By the way, I'm not a native English speaker, so the xenophobe comment is moot.

billydakingAugust 4, 2013 9:17 PM

That's faulty reasoning. There are plenty of trailers posted at Twitch with English subtitles, or even in the English language, that get zero comments.

Also, if you've read Twitch long enough, you'd realize that when a trailer from a foreign country and in a foreign language becomes available and looks interesting, Twitch will post it to at least let its readership know about its existence regardless of whether it has subtitles. When a version does become available with English subtitles, they then update that post.

This is a film review and news site; they're not going to have a staff of people to translate non-English-language speaking films and then subtitle them (especially good translations, if you're thinking of volunteers). I'm just happy to know about the film, and if it's interesting looking to me, I'll just keep an eye on it.

And this is from an English-only speaker. Would I prefer subtitles? Sure...but eventually, I got 'em (see Gate of Ragnarok).

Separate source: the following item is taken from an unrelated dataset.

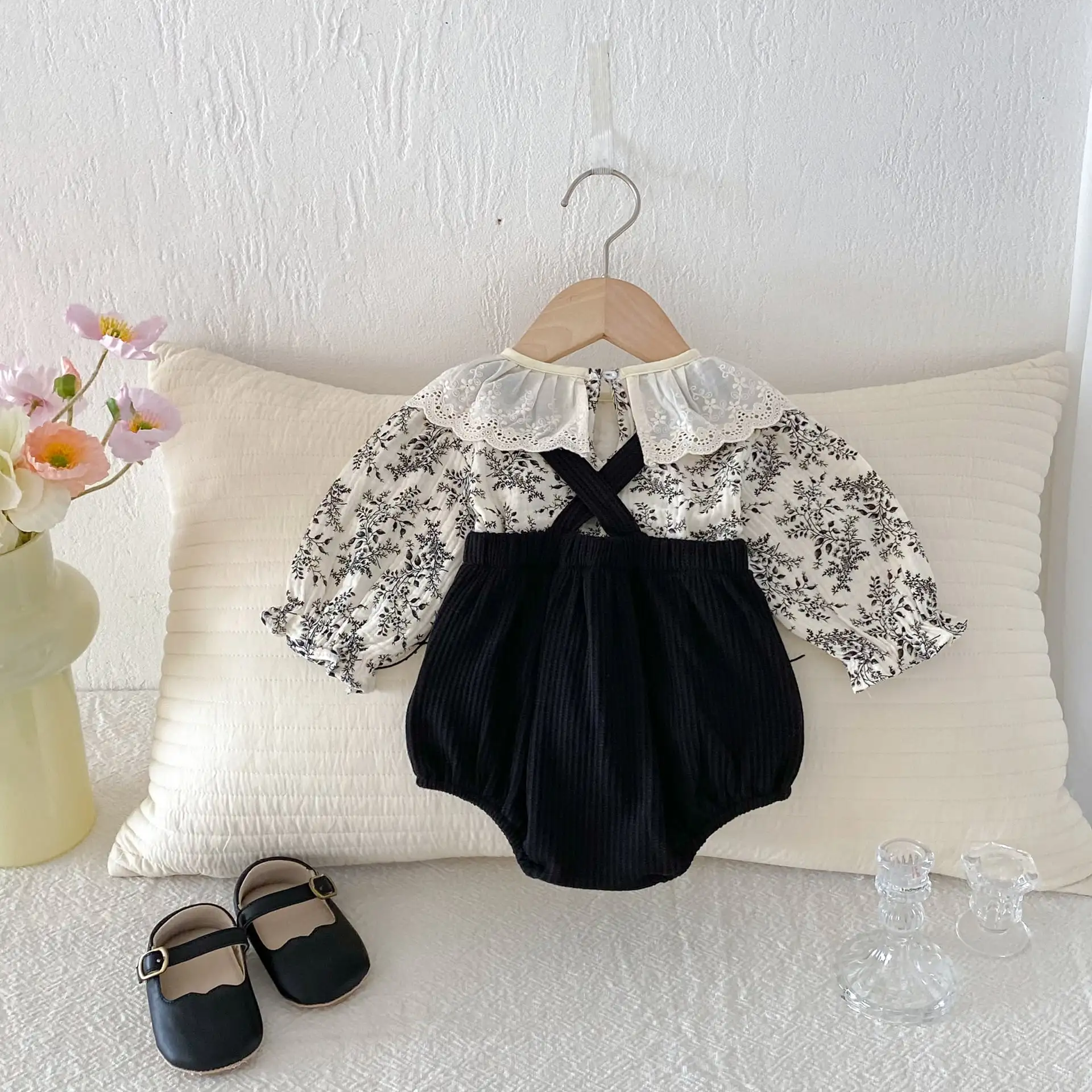 【66-100cm】ブラックフラワーＴシャツ＆サロペット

AleksAugust 5, 2013 9:36 AM

Thanks for your input. That being said, it is exactly just that; your input, your opinion on the matter. It doesn't negate my last comment; an article containing a Spanish language trailer with no English subtitles attracting the interest of, solely, Spanish speaking people.
Is it possible that it's a just coincidence? Sure. But so was the falling man (from the beginning of Magnolia) getting shot a few floors through a window by that woman with a shotgun. Pardon the theatrics, that's just my way of saying; I don't buy it.

I'm not demanding anything (wouldn't dream of it) nor am I even complaining, all I did was ask why. To date I haven't received a convincing answer, but seeing as how my interest wasn't that great to begin with (now it's marginal at best) I suggest we just leave it at that.

JoshAugust 16, 2013 9:32 AM

"El capullo" makes a retarded and ignorant comment. It reminds me of the moment any tourism ad has one white person in it people call it 'racist' yet when all they show is Cuzco and indigenous people thats ok. You are wrong about the 90%. In fact 20 % of Peruvians are totally white. Then we have the white and indigenous mix where people might "look" white or indigenous, we also have completely indigenous people, as well as black Peruvians and Asian Peruvians. Did you forget about that? Getting all pissed off because a movie has white Peruvians in it is quite childish. They are peruvian like anyone else and I see nothing wrong with having a movie like this. And in the context of the movie, and in the context of Peru at the time, and where the film is taking place (depending on what town in Lima you decide to make a movie you will have VERY different racial groups) it makes sense they are white Peruvians. It would be like making a film about the love of Huayno in Cuzco and having non-indigenous people. Now things of course are different an you can be any race and like any music. But back then things were quite segregated and in fact the massive migration from the Sierra/Andes to Lima did not happen until the 80s. So before that, yes Lima was predominantly white. So get over it. White, black, mixwe are ALL Peruvian which is what makes our country awesome. Don't put down a film just because it shows your fellow country brothers who look different than you. Because that is racism.